20821047This book was enjoyable enough, but not amazing. I liked the Regency-plus-magic setting (as I pretty much always do!), but I would have appreciated more knowledge of how this alternate version of Britain came to be (and a little more political/geographical explanation would also have been good). The main characters of Gray and Sophie were cute together, but I didn't feel a whole lot of chemistry between them; their relationship was an it's-so-obvious-it's-staring-everyone-in-the-face-so-why-can't-you-see-it kind of romance. Basically, you could see it a mile away and know it was inevitably going to happen at some point. The plot consisted of a LOT of conversations, and in my opinion, not enough action/suspense. There was some intrigue, of course, but it wasn't really the sort the reader can try to figure out, because we weren't given enough information. Things do get more eventful right towards the end, but even then, I thought the climactic scenes were a little confusing and didn't provide the pay-off I wanted considering the less-than-eventful lead-up to them.

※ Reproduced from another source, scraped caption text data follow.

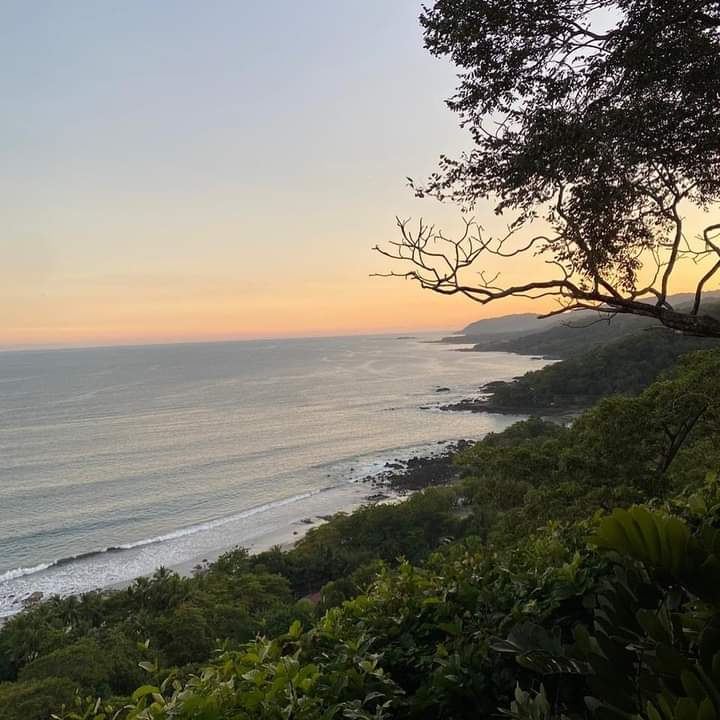 A wide surf beach at golden hour with a relaxed crowd at Santa Teresa in Costa Rica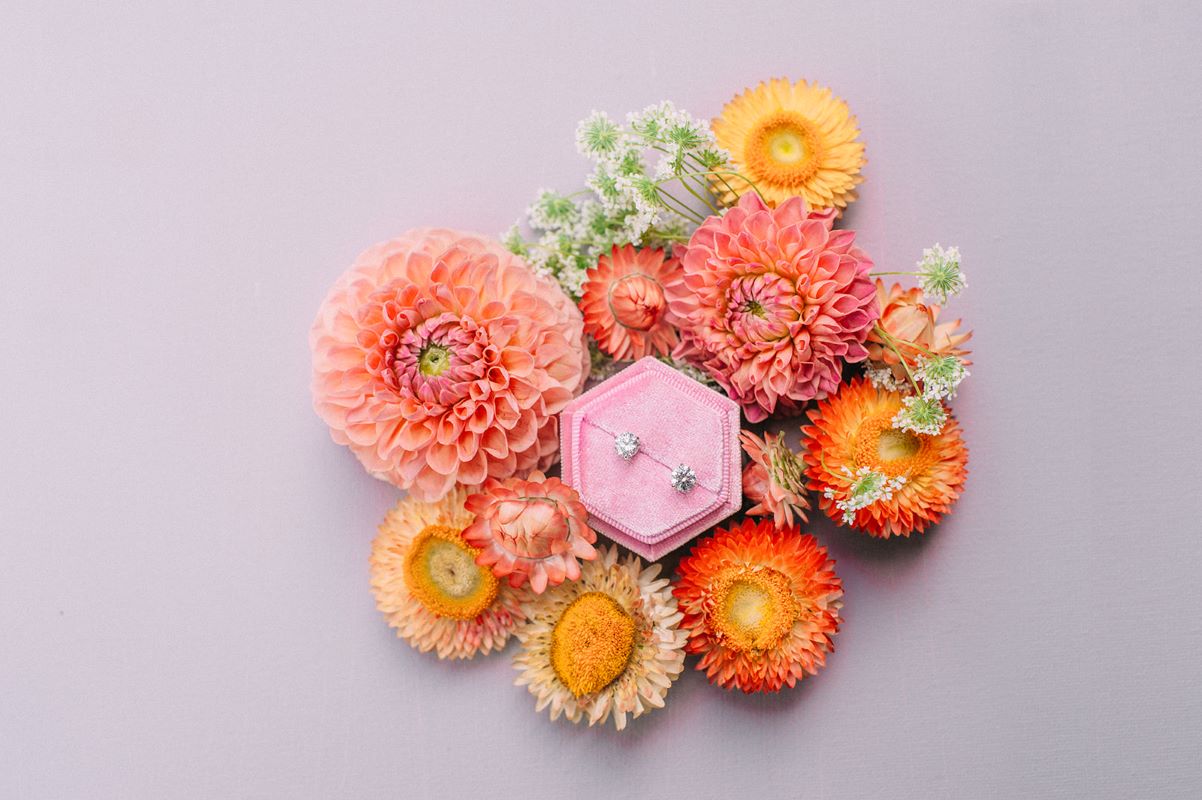 flat lay of coral blooms with diamond earings.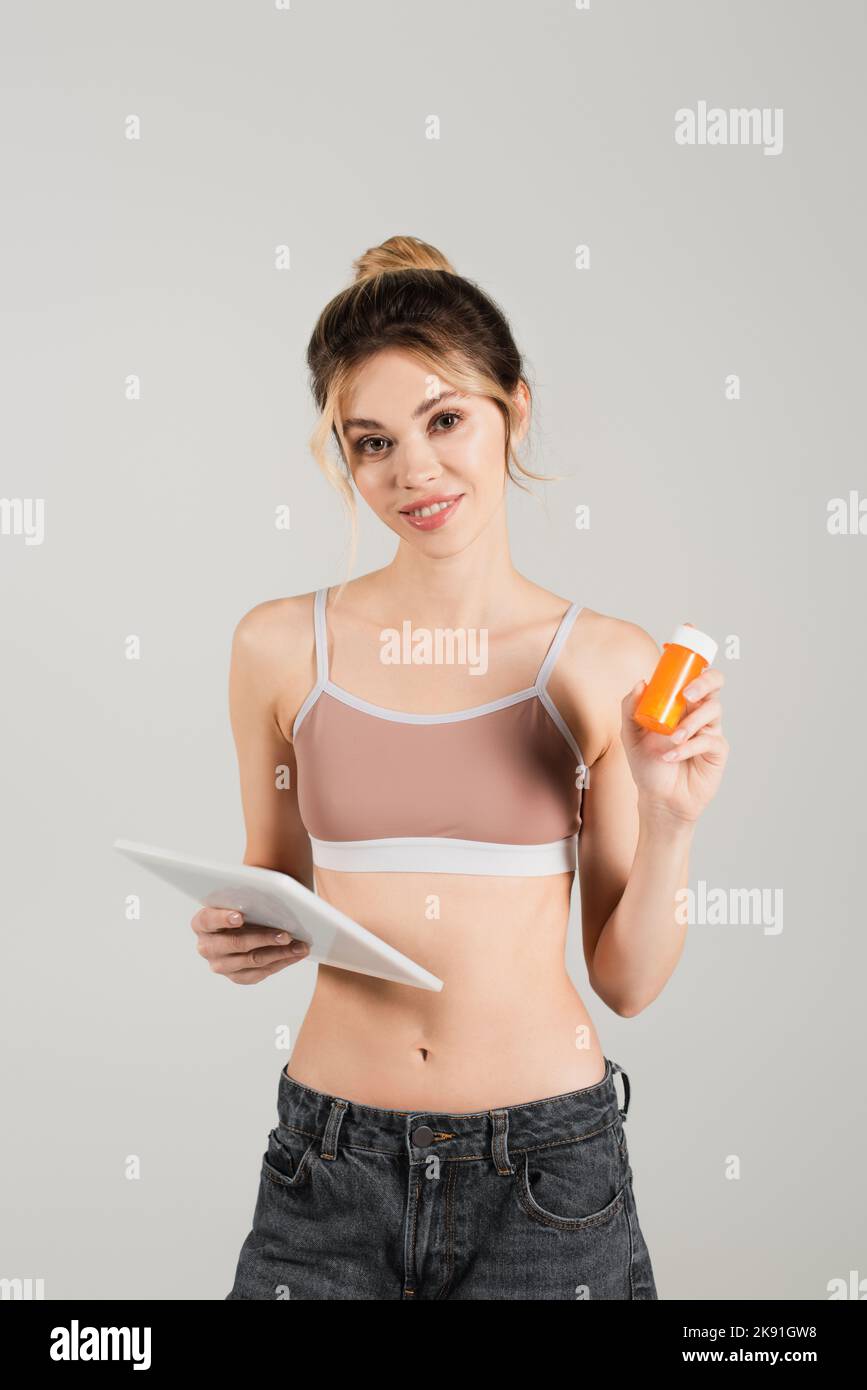 Fit und gesunde Frau in Sport-BH hält digitale Tablette und Vitamine isoliert auf grau Stockfoto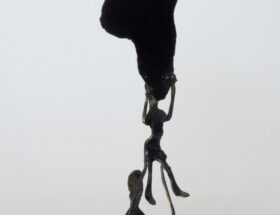 Escultura de metal pintando en negro, una figura humana sostiene a otra figura que, a su vez, sostiene el mapa del continente africano.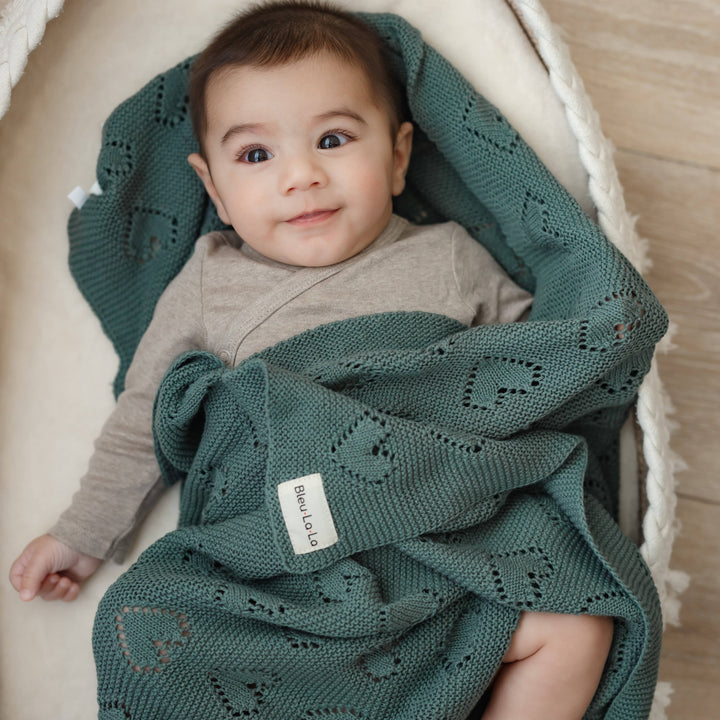 Baby wrapped in a green knitted Bleu La La Cotton Receiving Swaddle Baby Blanket with a Heart Pattern in sage, sitting in a white basket.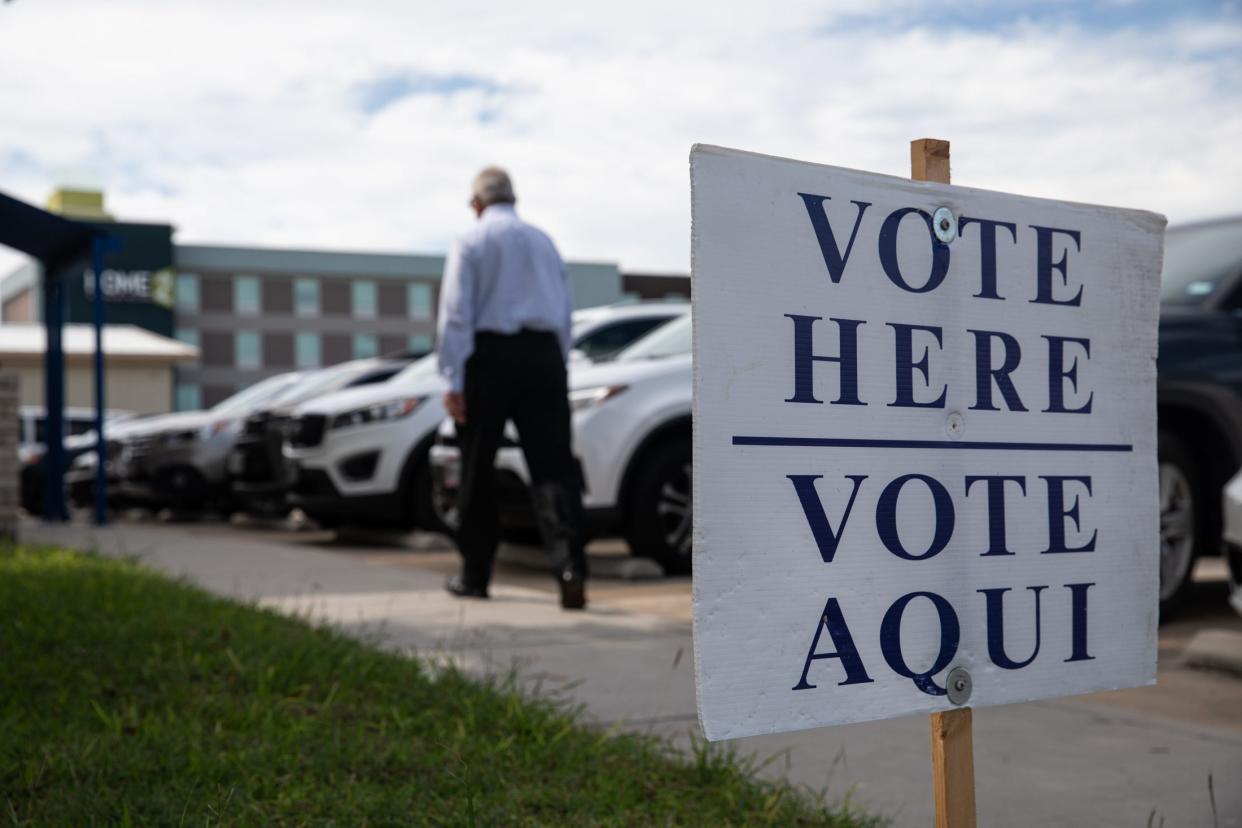 A man walks up to a line of voters outside of the Deaf and Hard of Hearing Center on Election Day, Tuesday, Nov. 7, 2023, in Corpus Christi, Texas.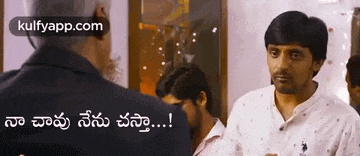 a man in a white shirt is talking to another man in a room in telugu .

In terms of characterization, Gray and Sophie were both a little too good, in a way, for my taste. They are both intelligent, loyal, well-liked, and (generally) well-meaning individuals; perhaps it was just that they weren't given enough weaknesses to make them feel more authentic. The third-person tense may also have made it a little more difficult to really get inside their heads and understand them as people.

I also think the villains could have been more villainous (they didn't seem that sinister, except perhaps by sheer number of them) and their characters expanded upon. I had difficulty keeping them straight, there were so many!

That said, it was a pleasant, comfortable, familiar kind of read. The language used evoked an older era, and yet was usually not particularly dense or archaic, making for fairly easy reading.